Using biomimicry – an innovation approach that looks to living systems for clues on how to create sustainable, life-friendly designs – Zapote and his team created WindChill, a low-cost, electricity-free way to store fresh food. By studying and emulating how coral, kangaroos, elephants, and meerkats regulate temperature, they were able to develop a device that uses a combination of outside air, water, and an evaporation chamber to keep food cool. The design won first place in the 2015 student Biomimicry Global Design Challenge, and they are now working to bring their design to market in the Biomimicry Accelerator, a program developed by the Biomimicry Institute and sponsored by the Ray C. Anderson Foundation.

 

This is just one of thousands of examples of how innovators are unlocking clues from the living world to rethink how we design products, materials, and systems. Biomimicry provides a new lens that clarifies a path toward sustainable – maybe even radically sustainable – design. Instead of toxic dyes, biomimicry shows us how to create colour using nanostructures, just like the wings of the beautiful morpho butterflies or the hair of the blue tarantula. In place of fertilizer and chemicals, biomimicry points to mimicking how some plants in harsh, mountainous regions pave the way for new species to grow. And living organisms can also inspire entrepreneurs to come up with more efficient, lower-cost technologies, such as NBD Nano’s surface coating solutions inspired by water-repelling and water-attracting structures on the body of the Namib Desert Beetle.

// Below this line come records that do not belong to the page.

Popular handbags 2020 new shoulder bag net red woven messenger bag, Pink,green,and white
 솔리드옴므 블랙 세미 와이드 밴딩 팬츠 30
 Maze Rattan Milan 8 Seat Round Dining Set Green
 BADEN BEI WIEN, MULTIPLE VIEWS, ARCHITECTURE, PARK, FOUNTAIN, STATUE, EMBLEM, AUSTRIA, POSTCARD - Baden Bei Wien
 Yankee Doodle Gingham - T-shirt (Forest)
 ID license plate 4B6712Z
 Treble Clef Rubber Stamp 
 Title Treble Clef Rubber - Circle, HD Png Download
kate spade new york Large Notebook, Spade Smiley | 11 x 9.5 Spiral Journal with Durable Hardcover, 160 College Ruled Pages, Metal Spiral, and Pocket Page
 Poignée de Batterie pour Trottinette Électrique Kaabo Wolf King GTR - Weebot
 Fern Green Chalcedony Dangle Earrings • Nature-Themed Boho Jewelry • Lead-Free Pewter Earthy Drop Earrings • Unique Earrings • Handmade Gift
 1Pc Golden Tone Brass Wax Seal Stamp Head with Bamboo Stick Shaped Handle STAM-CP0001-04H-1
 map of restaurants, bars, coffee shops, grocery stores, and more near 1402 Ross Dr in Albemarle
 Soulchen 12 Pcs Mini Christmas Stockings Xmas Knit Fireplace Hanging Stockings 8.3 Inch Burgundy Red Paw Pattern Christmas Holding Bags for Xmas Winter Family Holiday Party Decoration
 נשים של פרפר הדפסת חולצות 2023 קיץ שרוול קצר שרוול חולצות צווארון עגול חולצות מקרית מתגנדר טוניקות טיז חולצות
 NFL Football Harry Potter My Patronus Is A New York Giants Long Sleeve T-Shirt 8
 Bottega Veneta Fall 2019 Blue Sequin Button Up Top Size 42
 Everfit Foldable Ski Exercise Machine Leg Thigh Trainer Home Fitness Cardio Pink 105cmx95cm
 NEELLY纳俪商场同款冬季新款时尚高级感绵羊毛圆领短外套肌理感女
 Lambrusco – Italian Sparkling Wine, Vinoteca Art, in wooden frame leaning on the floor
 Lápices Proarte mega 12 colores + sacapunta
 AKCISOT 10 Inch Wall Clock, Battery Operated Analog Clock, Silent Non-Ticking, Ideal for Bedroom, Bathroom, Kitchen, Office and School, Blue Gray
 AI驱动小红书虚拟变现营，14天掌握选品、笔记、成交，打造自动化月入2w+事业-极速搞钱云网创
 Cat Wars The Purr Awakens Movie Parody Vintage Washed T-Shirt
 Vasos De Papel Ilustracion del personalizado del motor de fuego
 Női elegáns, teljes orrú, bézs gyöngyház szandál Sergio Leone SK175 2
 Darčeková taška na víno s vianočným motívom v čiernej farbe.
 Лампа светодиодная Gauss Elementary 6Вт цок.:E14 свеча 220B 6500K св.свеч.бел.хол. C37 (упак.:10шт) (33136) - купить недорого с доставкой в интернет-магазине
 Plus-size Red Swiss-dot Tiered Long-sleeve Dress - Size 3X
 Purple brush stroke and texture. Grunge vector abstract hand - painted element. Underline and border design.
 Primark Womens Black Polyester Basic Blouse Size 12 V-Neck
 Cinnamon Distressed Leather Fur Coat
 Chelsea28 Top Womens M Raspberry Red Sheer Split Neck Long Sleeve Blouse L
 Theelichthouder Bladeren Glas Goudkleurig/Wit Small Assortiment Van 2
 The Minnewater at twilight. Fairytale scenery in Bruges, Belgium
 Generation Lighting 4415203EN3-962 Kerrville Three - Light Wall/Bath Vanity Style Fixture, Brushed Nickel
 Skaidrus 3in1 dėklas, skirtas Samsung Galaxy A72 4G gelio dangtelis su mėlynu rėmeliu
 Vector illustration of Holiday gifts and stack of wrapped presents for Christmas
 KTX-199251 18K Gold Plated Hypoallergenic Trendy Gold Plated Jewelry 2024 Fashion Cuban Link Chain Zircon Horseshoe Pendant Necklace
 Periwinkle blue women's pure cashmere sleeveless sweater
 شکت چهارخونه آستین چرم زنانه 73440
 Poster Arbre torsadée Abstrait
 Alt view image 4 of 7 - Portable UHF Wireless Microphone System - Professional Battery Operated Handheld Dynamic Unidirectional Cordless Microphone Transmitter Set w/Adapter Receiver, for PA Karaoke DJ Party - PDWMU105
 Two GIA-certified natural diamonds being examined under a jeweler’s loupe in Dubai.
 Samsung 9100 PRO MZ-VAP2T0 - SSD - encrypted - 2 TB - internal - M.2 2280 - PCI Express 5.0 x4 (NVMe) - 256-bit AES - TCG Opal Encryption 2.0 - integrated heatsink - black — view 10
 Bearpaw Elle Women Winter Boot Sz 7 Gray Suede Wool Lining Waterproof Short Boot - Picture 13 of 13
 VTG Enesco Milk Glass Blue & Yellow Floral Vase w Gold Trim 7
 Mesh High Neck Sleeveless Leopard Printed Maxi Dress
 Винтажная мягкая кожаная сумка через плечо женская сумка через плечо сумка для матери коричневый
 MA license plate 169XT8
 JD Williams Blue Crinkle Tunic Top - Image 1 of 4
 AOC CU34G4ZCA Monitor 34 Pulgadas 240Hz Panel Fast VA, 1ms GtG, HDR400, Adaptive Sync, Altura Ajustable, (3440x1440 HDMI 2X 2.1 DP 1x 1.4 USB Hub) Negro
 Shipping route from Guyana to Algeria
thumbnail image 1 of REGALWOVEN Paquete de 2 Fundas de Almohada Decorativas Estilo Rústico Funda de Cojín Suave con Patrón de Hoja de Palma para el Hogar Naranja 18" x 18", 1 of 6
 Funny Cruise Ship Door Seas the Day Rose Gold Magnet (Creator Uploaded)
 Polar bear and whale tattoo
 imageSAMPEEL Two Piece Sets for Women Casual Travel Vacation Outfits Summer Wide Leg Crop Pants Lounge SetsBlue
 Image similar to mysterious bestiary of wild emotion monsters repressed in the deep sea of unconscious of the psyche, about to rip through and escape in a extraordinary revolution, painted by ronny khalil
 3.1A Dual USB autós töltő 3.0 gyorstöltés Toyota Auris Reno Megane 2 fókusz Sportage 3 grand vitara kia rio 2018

There is no end to what we can come up with if we learn how to tap into nature’s treasure trove of answers.

 

We’re just beginning a colossal shift from technologies and systems that ransack the dwindling supply of natural resources to ones that tread lightly on – or even restore – our shared planet. Nature contains millions of time-tested examples of technologies that run on renewable energy, use life-friendly materials, are locally attuned, and reward cooperation. The good news is that all the tools and inspiration we need are right outside our doors, if we can learn how to look for them.